The significance and theological meaning are easily obscured when taken on their own or read in isolation from the rest of Barth's work and its contextual setting. A key phrase in this regard from Barth's oeuvre, coming from the 2nd edition of Romans, is "deprive them of their pathos". Rasmusson (2007:371) writes with insight and convincingly when he shows that Barth is, in fact, not even commenting to Hitler's words and Nazism, but to 19th-century liberal Protestantism. The theological significance of these words by no means implies withdrawal, passivity or a-political existence by the church, but rather to starve the state (or any other form of natural theology) ideologically (Rasmusson 2007:371). In another excellent and insightful study with regard to Barth's summons to prophetic witness and preaching as doing theology as if nothing had happened in this context, Hancock (2013:72) comments that there was a deeper dynamic at work in this instance:

The church did not want to be left behind. It needed to be 'relevant' in the way that National Socialism was clearly relevant to many people.

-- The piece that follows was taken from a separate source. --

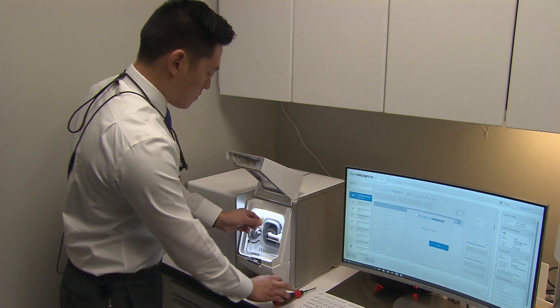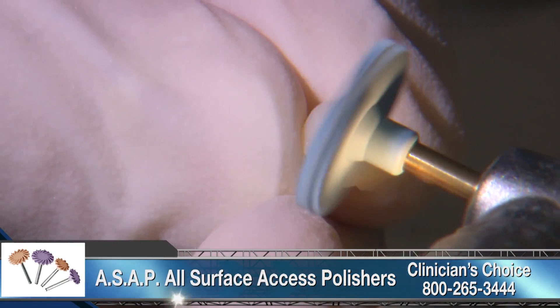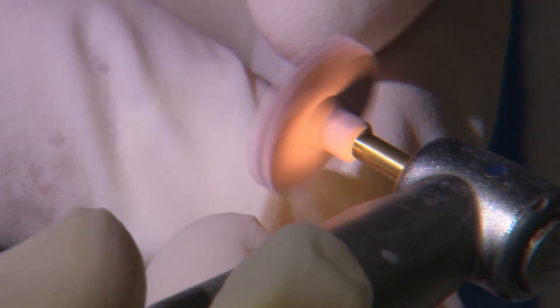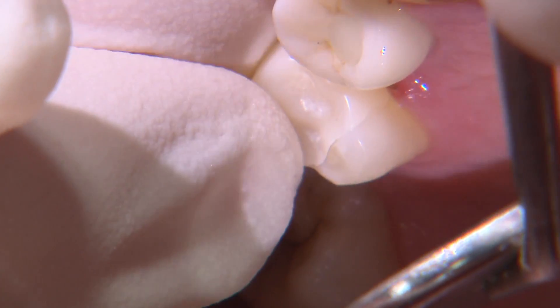Once the restoration is completed, I remove the sprue and polish the onlay using Clinician's Choice ASAP polishers. Once the restoration is checked for fit, this material needs to be properly treated prior to bonding.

And: "If they were to survive and thrive, they needed to be 'relevant' in the Third Reich to come." (Hancock: 2013:117).

In the South African context, much has been written on many occasions on the significance of these words in Barth's theology for church and theology in our own context. Greatly influenced by Barth's theology (and it's "as if nothing had happened"), Smit (2007:169-170) states:

The gospel is not spoken by the context but to the context. Not the needs of people and the interests of groups determine what is believed, but the gospel is spoken to the needs of people and the interests of groups, if necessary to criticize them. The context provides the occasion, but not the content. ... So, the way the particular historical context is experienced and read becomes the occasion to confess, but it does not provide the norm or the content. That should come from revelation, from the true gospel. . That is why apartheid was deliberately not mentioned at all in the Confession of Belhar. ... Apartheid could not guarantee the truth of the act of confession, but only the gospel itself (emphasis added - ML).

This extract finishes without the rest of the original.